Ahora que lo pienso, hay dos episodios que nos marcaron entonces y siguen marcando el presente: Grupo Vértebra y Grupo Imaginaria. Fue por este último que comprendimos esa forma camaleónica que tiene lo contemporáneo, lo local y lo histórico en Guatemala tal como se presenta ante el mundo. Una suerte de texturas terrosas y de caligrafías. Esa sensación de que a la imagen le hacen falta letras, acaso porque nuestra historia más profunda está escrita en los documentos legales del expolio y de la renuncia, del espionaje o del informe policiaco o militar.

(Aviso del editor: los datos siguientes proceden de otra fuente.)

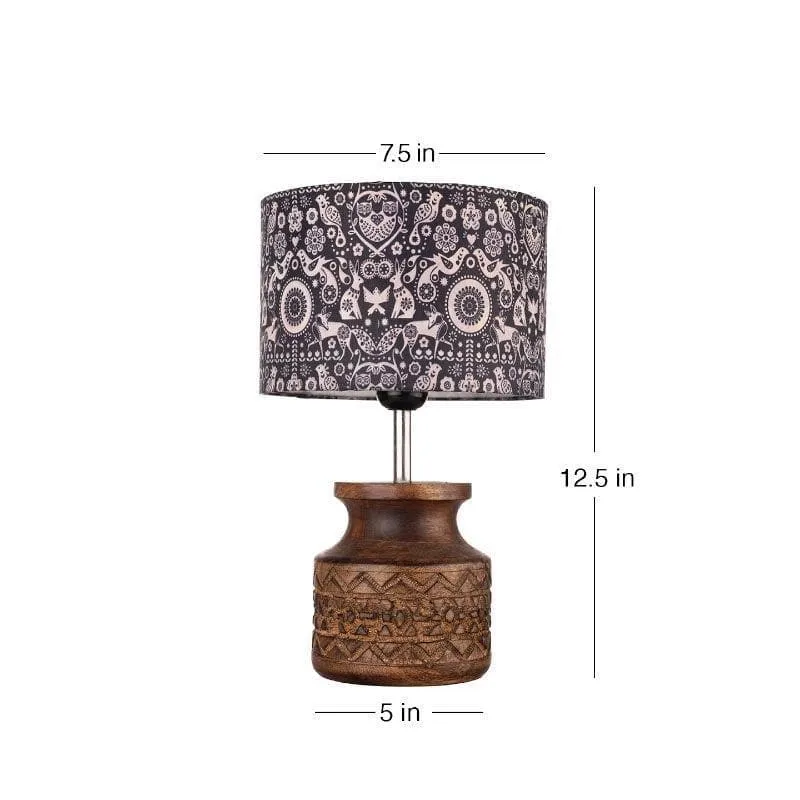 Boho Fauna Carved Fabric Table Lamp - Blue,Brown media 6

Fue en el año 2000 cuando, en el recién inaugurado Centro Cultural Luis Cardoza y Aragón de la Embajada de México en Guatemala, pude ver una pieza que fue muy determinante en el cambio de siglo: Asepsia, tres rollos de papel higiénico blanco en los que estaban escritos con una letra afilada y sin tachones todos nuestros derechos ciudadanos. De tomarse la decisión por desenrollarlos uno podía encontrar metros y metros de palabras escritas con lapicero azul sobre su frágil superficie. Su mirada abarcaba sutil pero contundentemente toda la demagogia civilizatoria con que se intentaba dar una apariencia contemporánea a una élite guatemalteca que sigue siendo conservadora hasta lo feudal.

Esta pieza se integraba al arte contemporáneo que se realizaba en la región y que tenía un importante canal de intercambio en Teorética, monumental esfuerzo de Virginia Pérez-Ratton (1950-2010) que tuvo bastante incidencia para que la obra de Isabel fuese interpretada, visitada y estudiada fuera de la región. Cuatro años después, una nueva pieza continuaba su crónica de la posguerra: TES-timonio, un tendedero de pañuelos con fragmentos escritos a mano de testimonios de la guerra. En sus propias palabras, «‌El pañuelo responde a la mano distante, es solidario del sudor y el llanto; responde por la voz ahogada, detiene la sangre y amengua la herida. En fin, el pañuelo es tanto como una bandera».

En la obra de Isabel Ruiz no hay promoción alguna del dolor en beneficio de una notoriedad. Frente a sus piezas se puede experimentar cómo nos atraviesa ese sujeto histórico que nos está representado. Puede que cada pieza la haya creado para ir cerrando la puerta a temas recurrentes y obsesivos en su obra: la memora, la fragilidad, el paisaje marrón-gris-negro, las palabras en las paredes, las palabras en el piso, las palabras en el aire, las palabras.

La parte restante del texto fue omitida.